PyDSH is a toolset to help simplify the administration of remote systems. The pydsh command enables running of a command on multiple hosts in parallel over RSH, SSH, or telnet, and manages your SSH public and private keys. The pydcp command enables SCP-like functions to and from multiple hosts in parallel.
openMosix is a a set of extensions to the standard Linux kernel allowing you to build a cluster of out of off-the-shelf PC hardware. openMosix scales perfectly up to thousands of nodes. You do not need to modify your applications to benefit from your cluster (unlike PVM, MPI, Linda, etc.). Processes in openMosix migrate transparently between nodes and the cluster will always auto-balance.
Warewulf is an operating system management toolkit designed to facilitate large scale deployments of homogeneous and heterogeneous systems on physical, virtual and cloud based infrastructures. Originally, the Warewulf project pioneered the concept of stateless computing in HPC, setting the standard for large-scale cluster provisioning. It provided two functions, provisioning and monitoring but the two functions did not communicate within Warewulf itself, nor was it possible to hook other functions directly into Warewulf itself. Today, Warewulf is more than just a basic provisioning and monitoring solution as it now implements an abstract, object-oriented data store and a modular interface that facilitates a highly extensible, customizable feature set. Current and planned modules include monitoring (operating system, services, filesystems, etc.), provisioning, power management, user management, configuration management, event/trigger handling and notification, scheduler integration, cloud services (both local and remote), etc.

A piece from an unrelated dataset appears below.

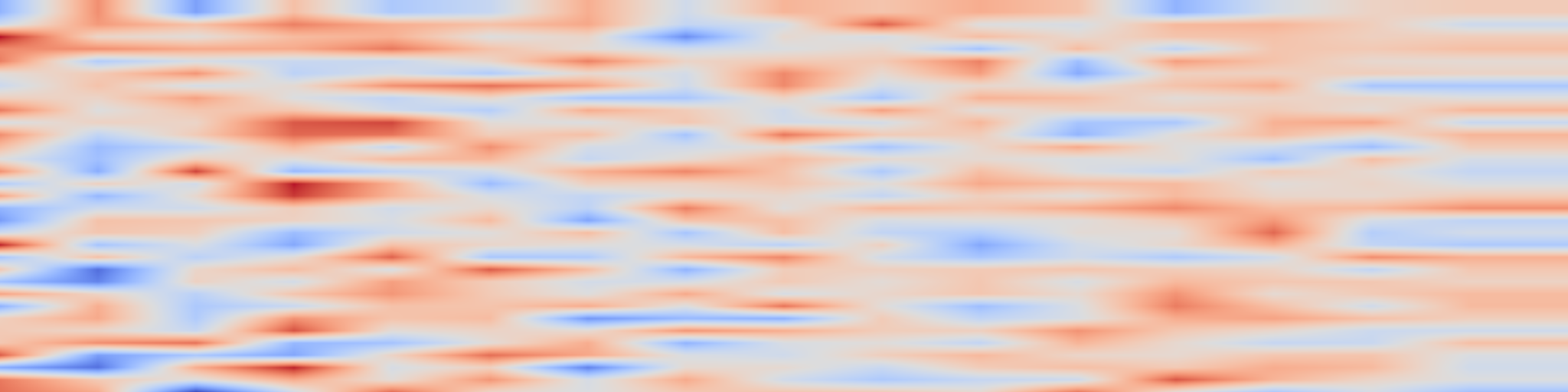 DS1 spectrogram: Multi-dimensional Visual Prompt Enhanced Image Restoration via
Mamba-Transformer Aggregation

libGlass is a scalable set of components that can be used by applications to perform distributed computing. Applications are built by reusing the available components as needed. One of the major goals of Glass is to be a user-friendly framework, not only suitable for new applications, but also for legacy code. This is an important feature, as most available solutions for distributed computing require a substantial amount of rewrite of legacy code.

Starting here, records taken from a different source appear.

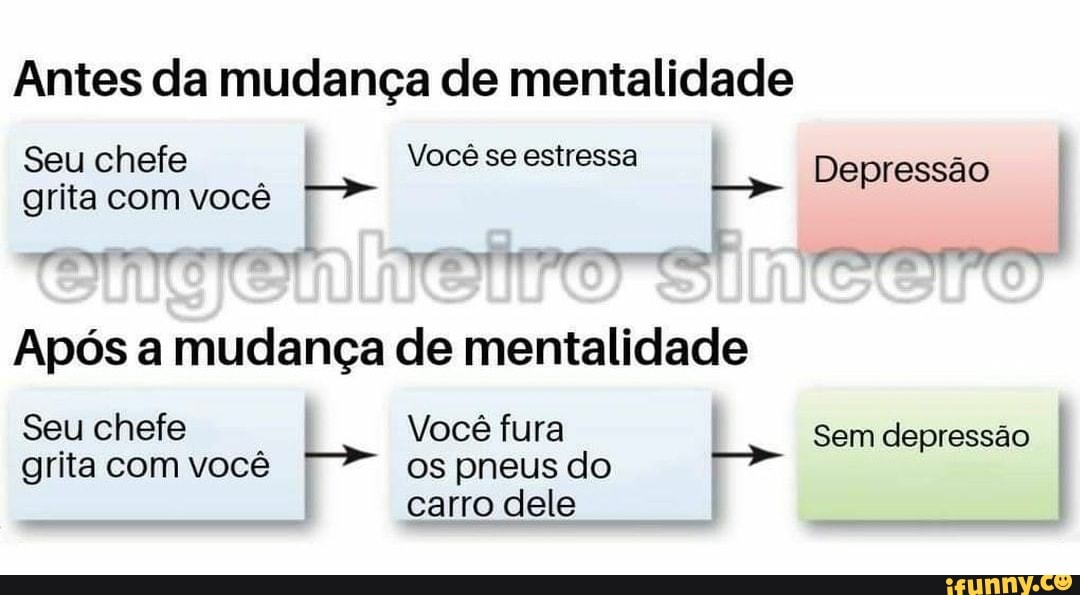 Antes da mudança de mentalidade
Seu chefe Você se estressa Depressão grita com você
Após a mudança de mentalidade
Seu chefe Você fura grita com você os pneus do Ta
carro dele
Sem depressão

The ENBD (Enhanced Network Block Device) is an industrial-strength version of the Linux kernel NBD. It makes a remote disk look like a local block device, allowing cheap and safe realtime mirrors to be built over the net. It features internal block-journalling and multichannel failover.
Genders is a static cluster configuration database used for cluster configuration management. It is used by a variety of tools and scripts for management of large clusters. The genders database is accessed by every node in a cluster, either through a networked file system or by replicating the database on every node of the cluster. The database describes the layout and configuration of the cluster so that tools and scripts can sense the variations of cluster nodes. By abstracting this information into a plain text file, it becomes possible to change the configuration of a cluster by modifying only one file.
ConMan is a serial console management program designed to support a large number of console devices and simultaneous users. It supports local serial devices, remote terminal servers (via the telnet protocol), IPMI Serial-Over-LAN (via FreeIPMI), Unix domain sockets, and external processes (e.g., using Expect to control connections over telnet, ssh, or IPMI Serial-Over-LAN). Its features include logging (and optionally timestamping) console device output to file, connecting to consoles in monitor (R/O) or interactive (R/W) mode, allowing clients to share or steal console write privileges, and broadcasting client output to multiple consoles.